**PROBLEM TO WORK ON**
Repeat the listing exactly, minus the pictures.

**DATA EXTRACT**
⁂
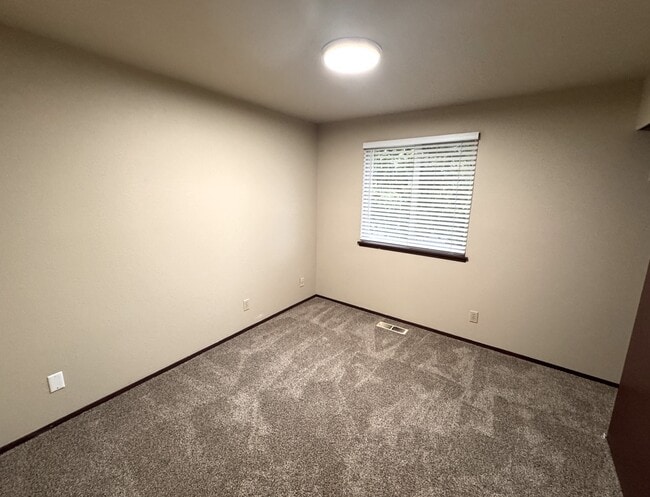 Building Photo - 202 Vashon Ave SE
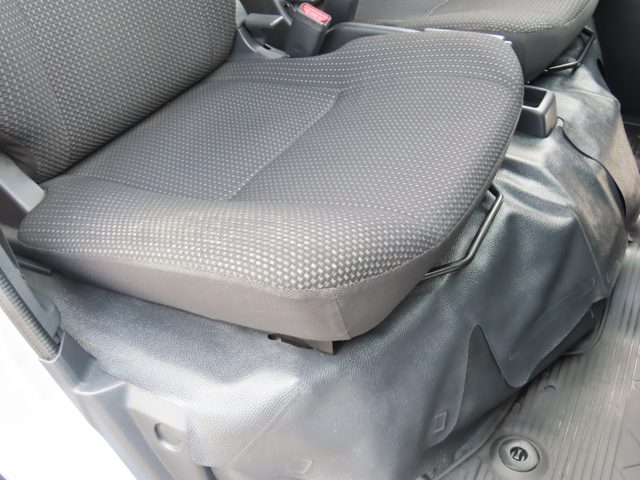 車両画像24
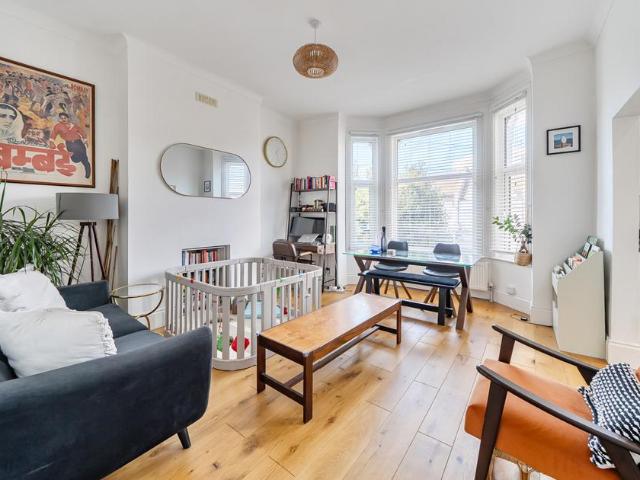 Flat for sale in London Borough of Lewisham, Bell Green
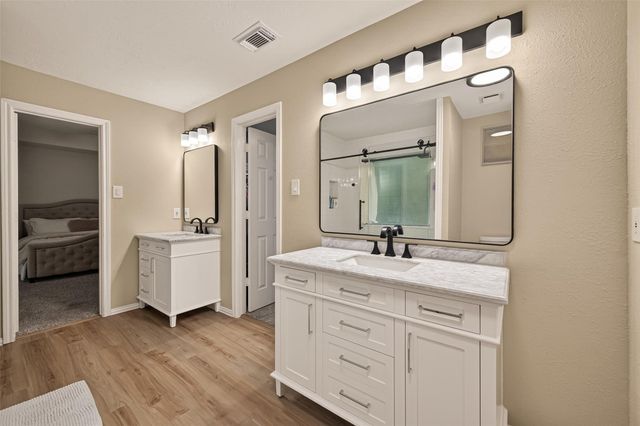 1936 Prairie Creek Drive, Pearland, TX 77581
⁂
**COMPLETED EXERCISE**
 Building Photo - 202 Vashon Ave SE
 車両画像24
 Flat for sale in London Borough of Lewisham, Bell Green
 1936 Prairie Creek Drive, Pearland, TX 77581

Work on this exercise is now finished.